Hit erotic novel Fifty Shades of Grey to be made into a movie – but is it too racy for the big screen
21:16 GMT, 26 March 2012
Screen rights for the hit erotic novel Fifty Shades of Grey have been acquired by Universal Pictures and Focus Features, it was announced today.
The book, by British writer EL James, was first published by a small Australian firm that printed only a small run and released it as an e-book.
It quickly became an overnight literary sensation among women in New York's yummy mommy set, and went on to top the New York Times Bestseller list.
Hot and steamy: The screen rights to the Fifty Shades trilogy has been acquired by Universal Pictures and Focus Features after a film industry bidding war
The erotic novel put grey ties at the top of many wives shopping lists, in the hopes their husbands would emulate Grey's 'brooding, masterful and intimidating' character, with many admitting reading the book made them crave sex with their partners.
Studios were eager to capitalise on the novel's popularity and retell the story on the big screen.
In a joint statement today, Universal and Focus called the word-of-mouth sensation a 'special story', an explicit tale about billionaire Christian Grey and college student Anastasia Steele.
The first in a trilogy of erotic novels about a 21-year-old recent college graduate and her lurid relationship with a billionaire in his late twenties, the modern-day Mills and Boon novel centers on Grey, whose damaged sexual upbringing prompts him to engage in relationships with women who will agree to become his submissive.
Struggling with his rigid rules and sometimes abusive behaviour, the naive Anastasia is ambivalent about joining him in his sadomasochist world.
Literary success: EL James, a TV executive, has gained cult status with her first novel whose characters gripped New York moms
The relationship between the two characters evolves and deepens in the following books, Fifty Shades Darker and Fifty Shades Freed.

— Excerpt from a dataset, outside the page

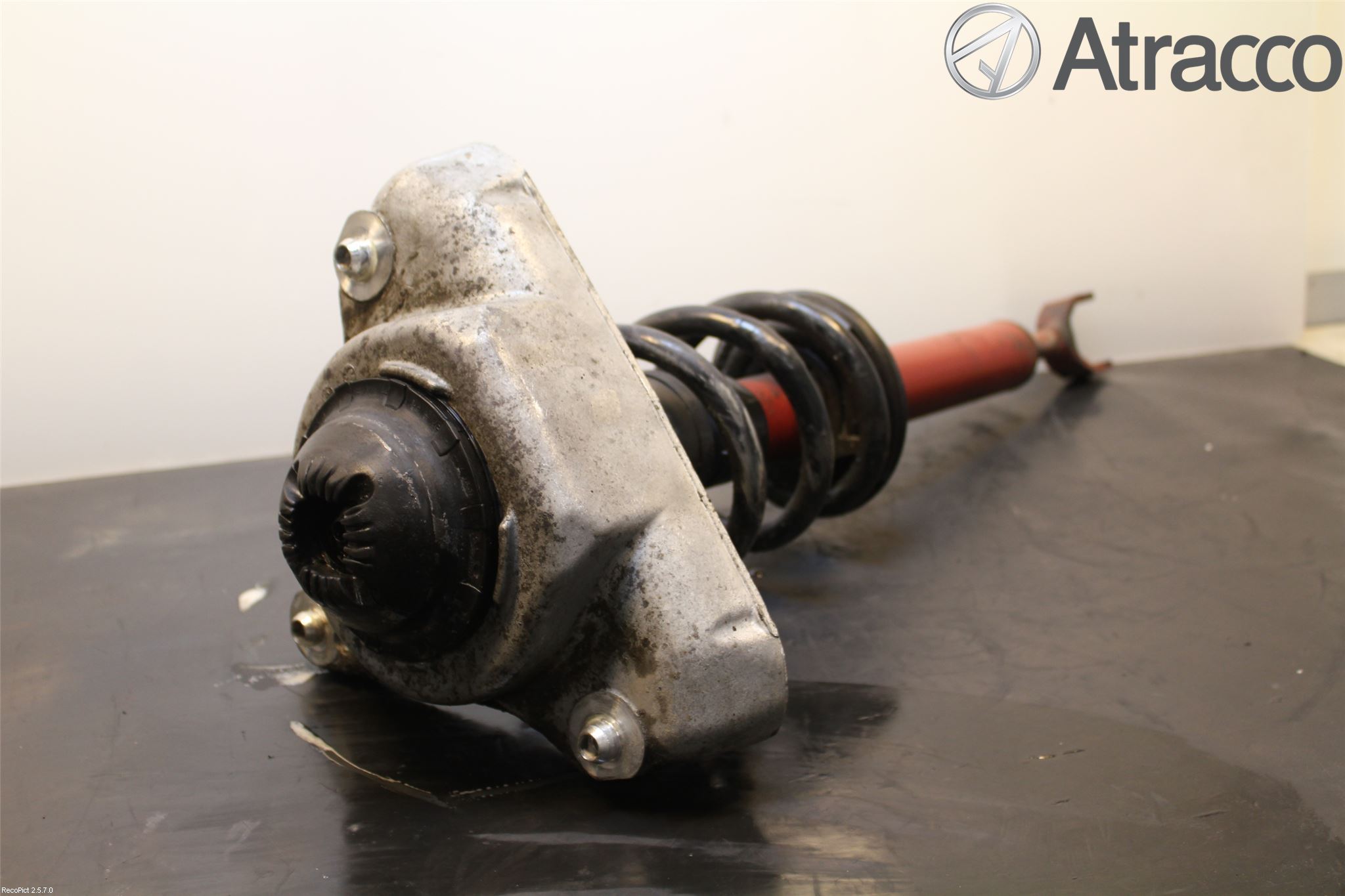 Audi A6/S6     05-11 Fjäderben Fram Vänster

Mrs James, a TV executive and mother of two, developed the books from fan fiction she wrote online in tribute to Stephenie Meyer's Twilight novels.
Despite the scarcity of physical copies available to purchase, Fifty Shades of Grey became a focus of conversation on school runs, taking on a cult status between mothers.
Studio executives believe that although the books play to considerably different demographics than Twilight, they revolve around the same basic themes: a vulnerable virginal woman, a seemingly dangerous man and a forbidden romance.
Because of the books explicit nature, a key factor in readers enjoyment of the book was the ability to read it on devices like the Kindle, which affords a measure of privacy.
Whether the novel will be as successful when the paperback is released en-mass on April 17th by Random House and then translated for a public setting like a movie theater, remains an open question.
It is also unclear whether it will be possible to remove some of the book's more erotic scenes to acquire an accessible R rating, without diluting the essence of the story.
For now, let the whose-who of casting guessing begin. Much like Twilight, The Hunger Games and The Girl With a Dragon Tattoo, Fifty Shades of Grey will undoubtedly turn whoever is cast as Anastasia Steele and Christian Grey into worldwide phenomenons.